Rigorous statistics are often at odds with the needs of modern, product-driven companies to move fast and ship fast. Statistics are all about probabilities, and the more data, the better the accuracy of the predictions. Product led organizations are all about building the smallest part of a project which can add value as fast as possible, and then iterating quickly, looking for signals of product market fit. The Venn diagram of these two areas overlap with A/B testing, but this creates a tension between the statistics and the need to move fast.
If we all had enormous amounts of traffic to test against, and infinite time to do these tests, we would make almost perfect decisions. Realistically, pressures of shipping fast often cause us to make calls on less than perfect data. These pressures can happen when metrics appear to be doing especially well or poorly, or if there are time constraints. You can, of course, stop a test whenever you like, as long as you’re aware of what this does to your statistics.

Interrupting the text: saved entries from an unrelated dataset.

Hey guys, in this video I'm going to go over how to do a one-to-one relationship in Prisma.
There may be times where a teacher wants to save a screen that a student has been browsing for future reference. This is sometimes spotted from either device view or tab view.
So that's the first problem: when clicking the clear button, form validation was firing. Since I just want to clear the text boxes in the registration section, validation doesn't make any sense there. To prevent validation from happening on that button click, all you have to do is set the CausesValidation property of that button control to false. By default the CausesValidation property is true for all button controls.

User behavior data has a lot of random variation, and this creates a noisy signal (it’s also a reason why trend data — data over time — is largely meaningless in A/B testing contexts). If samples are small you’re more likely looking at noise than if samples are large. The more sample sizes increase, the more this noise is averaged out. Furthermore, if you’re using a Frequentist approach, your statistics only become actionable when the predetermined sample sizes are reached — otherwise you’re falling into the peeking problem, the subject of many articles. If you’re using statistics which are less susceptible to peeking, like Bayesian or Sequential, you can peek and make decisions.

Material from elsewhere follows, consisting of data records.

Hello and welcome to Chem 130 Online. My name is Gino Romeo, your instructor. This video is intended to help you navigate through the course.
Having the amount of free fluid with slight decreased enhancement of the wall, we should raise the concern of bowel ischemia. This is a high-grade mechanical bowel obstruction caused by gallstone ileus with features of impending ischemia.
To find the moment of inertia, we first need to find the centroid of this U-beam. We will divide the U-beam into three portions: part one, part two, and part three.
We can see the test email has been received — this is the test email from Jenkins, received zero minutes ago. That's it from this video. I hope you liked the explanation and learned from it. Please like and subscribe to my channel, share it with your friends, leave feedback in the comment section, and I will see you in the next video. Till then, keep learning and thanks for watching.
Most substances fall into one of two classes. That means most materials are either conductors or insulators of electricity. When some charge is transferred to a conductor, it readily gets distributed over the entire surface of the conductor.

In all these contexts, some data is absolutely better than no data, but without finishing a test you increase the odds of picking the wrong variation, and you lose the resolution on the most probable outcome. In short, you increase the risk of making a decision. The question that every experimentation program should be asking then is, what is your appetite for risk?
Risk
Most A/B testing statistics give you the chance to beat baseline/control as the probability that your variation is at least better than other control variation. But this measure gives no indication as to the amount better or worse it will be. If you’re forced to make decisions without perfect data, wouldn’t it be great to have some indication of what risks you’re taking? You would like to know, if you call the test now, and you’re wrong about which variation you implement, what the likely negative impact would be. The good news is that Bayesian statistics give us just such a measure.
This risk, also known as potential loss, that Bayesian statistics provide can be interpreted as “When B is worse than A, if I choose B, how many conversions am I expected to lose?” It can replace the P-value as a decision rule, or stopping rule for A/B testing — that is, you can call your tests if the risks go below (or above) your risk tolerance thresholds, instead of using other values. If you want to read more about how risk is calculated, you can read Itamar Faran’s excellent article: How To Do Bayesian A/B Testing at Scale.

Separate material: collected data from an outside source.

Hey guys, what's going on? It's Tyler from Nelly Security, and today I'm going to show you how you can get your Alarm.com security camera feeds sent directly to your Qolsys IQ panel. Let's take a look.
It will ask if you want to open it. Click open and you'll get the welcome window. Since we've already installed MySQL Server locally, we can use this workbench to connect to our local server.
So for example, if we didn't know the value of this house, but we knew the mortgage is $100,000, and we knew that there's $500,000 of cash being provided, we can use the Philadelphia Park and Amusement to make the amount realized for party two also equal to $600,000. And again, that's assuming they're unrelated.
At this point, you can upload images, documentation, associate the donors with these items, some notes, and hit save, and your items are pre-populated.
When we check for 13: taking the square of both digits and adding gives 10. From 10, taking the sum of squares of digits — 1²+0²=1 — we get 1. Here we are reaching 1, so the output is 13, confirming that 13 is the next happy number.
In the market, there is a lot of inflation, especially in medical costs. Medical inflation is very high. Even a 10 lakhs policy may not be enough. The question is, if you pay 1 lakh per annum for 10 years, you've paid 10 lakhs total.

Growth Book recently implemented this same risk measure (with the help of Itamar) into our open-source A/B testing platform. This measure empowers teams to call tests earlier and be aware of the risks they are taking in doing so.
In the above example, both metrics are up, but only have about a 78% chance of beating the control, well short of the typical 95% threshold. However, neither one appears to be very risky. If you stop the test now and choose the variation and you’re wrong, your metrics would only be down less than a percent. Depending on your business, that may be good enough and you can move onto the next experiment without wasting valuable time.
The combination of Chance to Beat Control, Risk, and a Percent Change confidence interval gives experimenters everything they need to make decisions quickly without sacrificing statistical accuracy.